__INPUT DATA__.

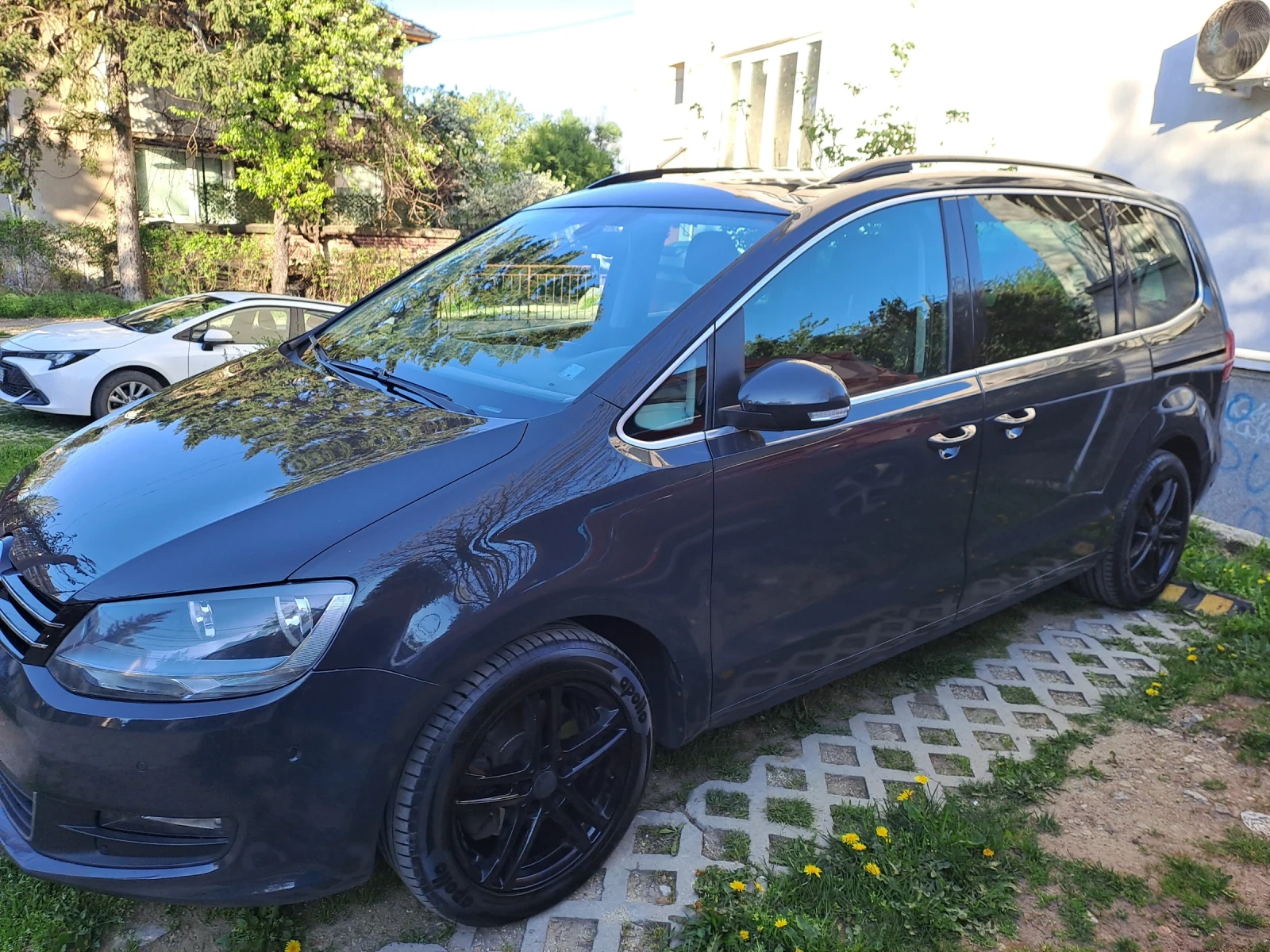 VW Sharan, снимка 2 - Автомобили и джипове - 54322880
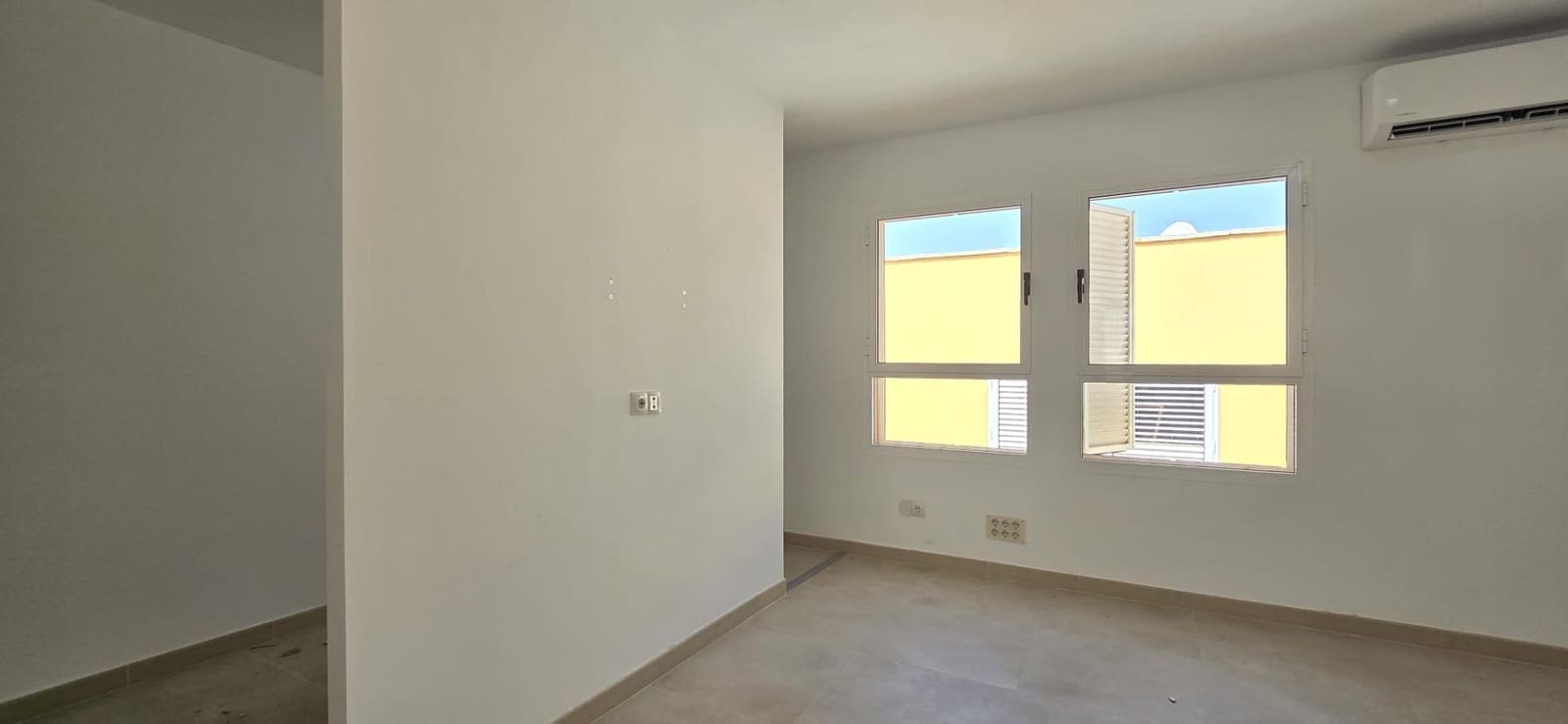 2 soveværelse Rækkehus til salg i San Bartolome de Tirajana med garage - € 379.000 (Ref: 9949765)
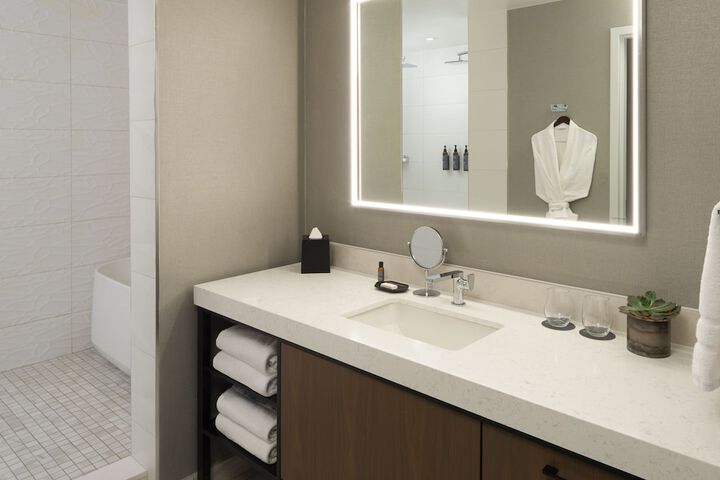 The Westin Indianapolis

__WHAT THE TASK REQUIRES__.
A faithful copy of all the data above, without its pictures, is the expected result.

__RESPONSE AREA__.
 VW Sharan, снимка 2 - Автомобили и джипове - 54322880
 2 soveværelse Rækkehus til salg i San Bartolome de Tirajana med garage - € 379.000 (Ref: 9949765)
 The Westin Indianapolis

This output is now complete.